Kafka considers that a record is committed when all replicas in the In-Sync Replica set (ISR) have confirmed that they have written the record to disk.
-
What is the ISR?
- The ISR is simply all the replicas of a partition that are “in-sync” with the leader. The definition of “in-sync” depends on the topic configuration, but by default, it means that a replica is or has been fully caught up with the leader in the last 10 seconds. The setting for this time period is: replica.lag.time.max.ms and has a server default which can be overridden on a per topic basis.
- At a minimum the, ISR will consist of the leader replica and any additional follower replicas that are also considered in-sync. Followers replicate data from the leader to themselves by sending Fetch Requests periodically, by default every 500ms.

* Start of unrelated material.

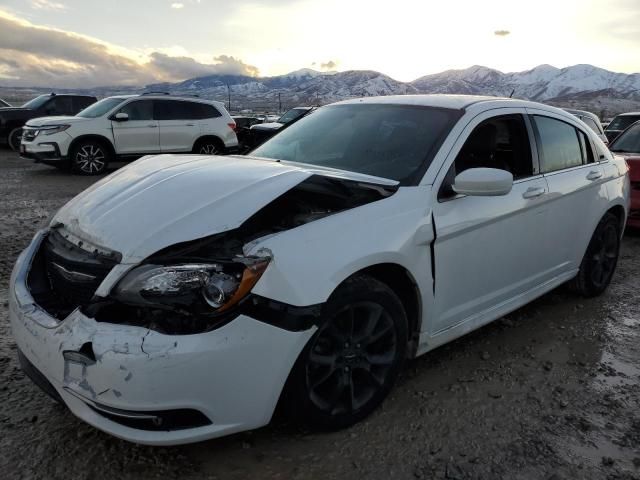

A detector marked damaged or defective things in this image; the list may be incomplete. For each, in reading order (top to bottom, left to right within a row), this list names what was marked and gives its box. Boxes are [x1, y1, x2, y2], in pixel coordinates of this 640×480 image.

- If a follower fails, then it will cease sending fetch requests and after the default, 10 seconds will be removed from the ISR. Likewise, if a follower slows down, perhaps a network related issue or constrained server resources, then as soon as it has been lagging behind the leader for more than 10 seconds it is removed from the ISR.
-
what is ISR for?
- The ISR acts as a trade-off between safety and latency. As a producer, if we really didn’t want to lose a message, we’d make sure that the message has been replicated to all replicas before receiving an acknowledgement. But this is problematic as the loss or slowdown of a single replica could cause a partition to become unavailable or add extremely high latencies. So the goal is to be able to tolerate one or more replicas being lost or being very slow.

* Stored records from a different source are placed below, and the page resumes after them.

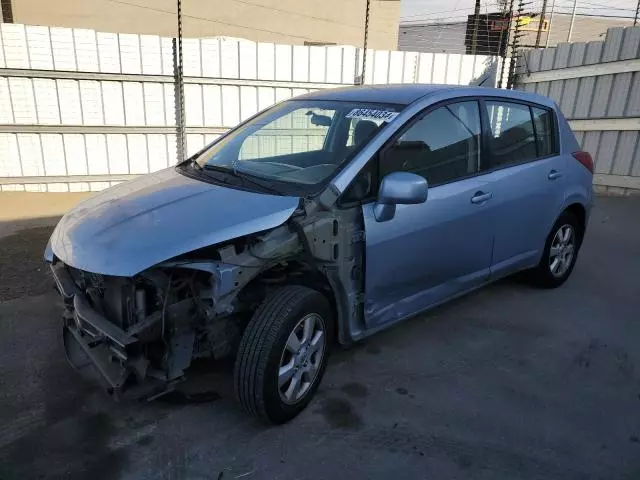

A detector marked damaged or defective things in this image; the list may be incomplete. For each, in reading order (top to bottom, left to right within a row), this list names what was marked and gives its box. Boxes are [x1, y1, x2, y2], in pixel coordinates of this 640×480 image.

crumpled front bumper [51, 262, 176, 402]
broken headlight area [51, 260, 242, 400]
damaged front end [52, 256, 242, 400]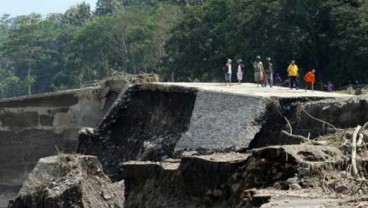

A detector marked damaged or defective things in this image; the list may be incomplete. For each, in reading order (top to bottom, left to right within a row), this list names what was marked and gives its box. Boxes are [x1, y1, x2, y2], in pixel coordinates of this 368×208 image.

broken concrete [8, 154, 123, 208]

- When a producer uses the “all” value for the acks setting. It is saying: only give me an acknowledgment once all in-sync replicas have the message. If a replica has failed or is being really slow, it will not be part of the ISR and will not cause unavailability or high latency, and we still, normally, get redundancy of our message.
- So the ISR exists to balance safety with availability and latency. But it does have one surprising Achilles heel. If all followers are going slow, then the ISR might only consist of the leader. So an acks=all message might get acknowledged when only a single replica (the leader) has it. This leaves the message vulnerable to being lost. This is where the min-insync.replicas broker/topic configuration helps. If it is set it to 2 for example, then if the ISR does shrink to one replica, then the incoming messages are rejected. It acts as a safety measure for when we care deeply about avoiding message loss.
The minimum number of in-sync replicas has nothing to do with the throughput. Setting the minimum number of in-sync replicas to larger than 1 may ensure less or no data loss, but throughput varies depending on the ack value configuration.
Default minimum in-sync replicas are set to 1 by default in Cloud kafka. This means that the minimum number of in-sync replicas that must be available for the producer to successfully send records to a partition must be 1.